> **Listed records**:
[Start of section]

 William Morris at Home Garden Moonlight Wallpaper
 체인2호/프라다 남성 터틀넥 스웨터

[End of section]
[Start of section]

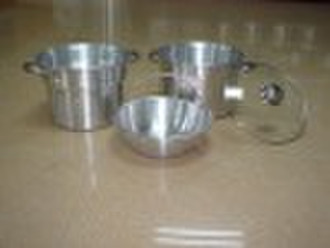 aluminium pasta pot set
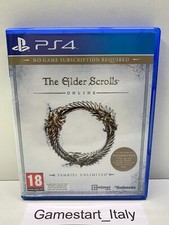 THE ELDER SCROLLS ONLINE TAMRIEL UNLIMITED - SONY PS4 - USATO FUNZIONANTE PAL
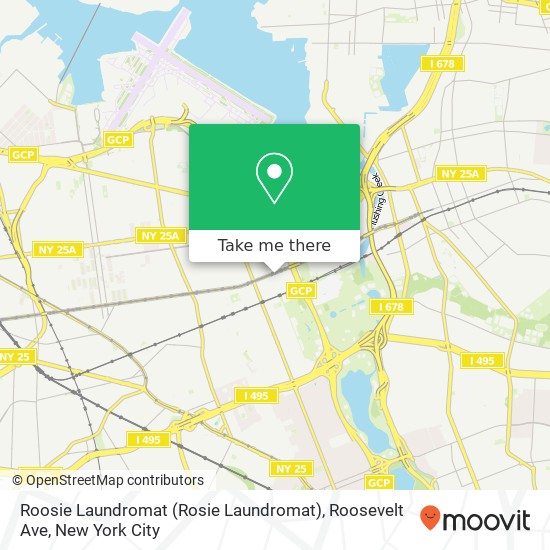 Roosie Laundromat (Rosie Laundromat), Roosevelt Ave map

[End of section]
[Start of section]

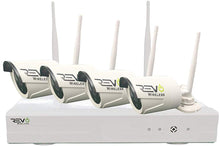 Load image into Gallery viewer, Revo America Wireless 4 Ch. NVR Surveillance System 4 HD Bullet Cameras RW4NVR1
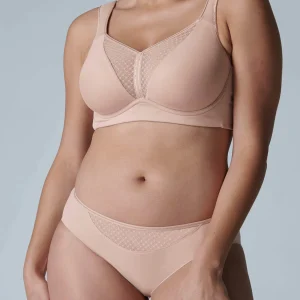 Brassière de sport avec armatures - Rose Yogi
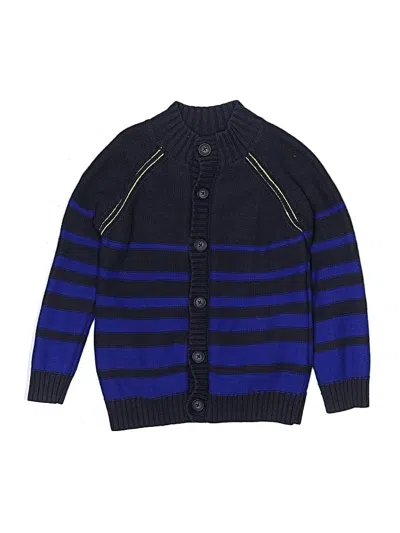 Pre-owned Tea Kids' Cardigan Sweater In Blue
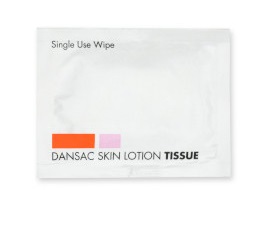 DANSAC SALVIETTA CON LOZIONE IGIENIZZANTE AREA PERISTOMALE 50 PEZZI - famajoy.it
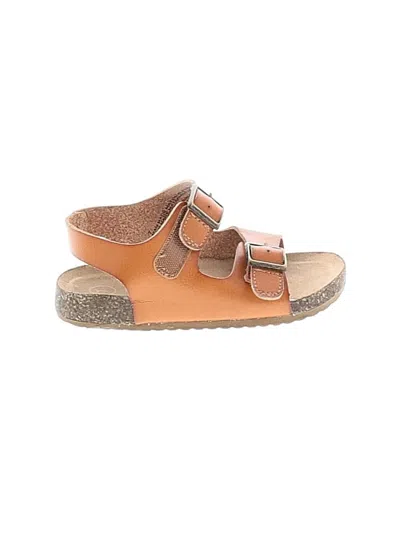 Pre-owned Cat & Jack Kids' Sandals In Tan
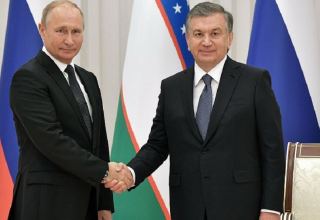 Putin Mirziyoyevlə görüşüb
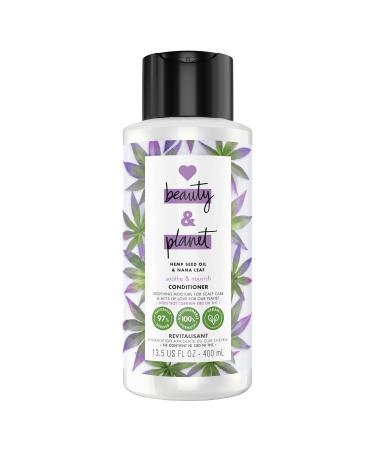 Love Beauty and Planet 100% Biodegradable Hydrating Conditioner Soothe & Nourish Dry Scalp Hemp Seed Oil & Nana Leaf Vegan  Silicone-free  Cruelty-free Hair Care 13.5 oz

[End of section]

> **Problem to work on**: Keep both end lines and retype everything in the records above from the line containing "William Morris at" through the line containing "체인2호/프라다 남성 터틀넥 스웨터", exactly, with nothing else.

> **Solution to the exercise**:
 William Morris at Home Garden Moonlight Wallpaper
 체인2호/프라다 남성 터틀넥 스웨터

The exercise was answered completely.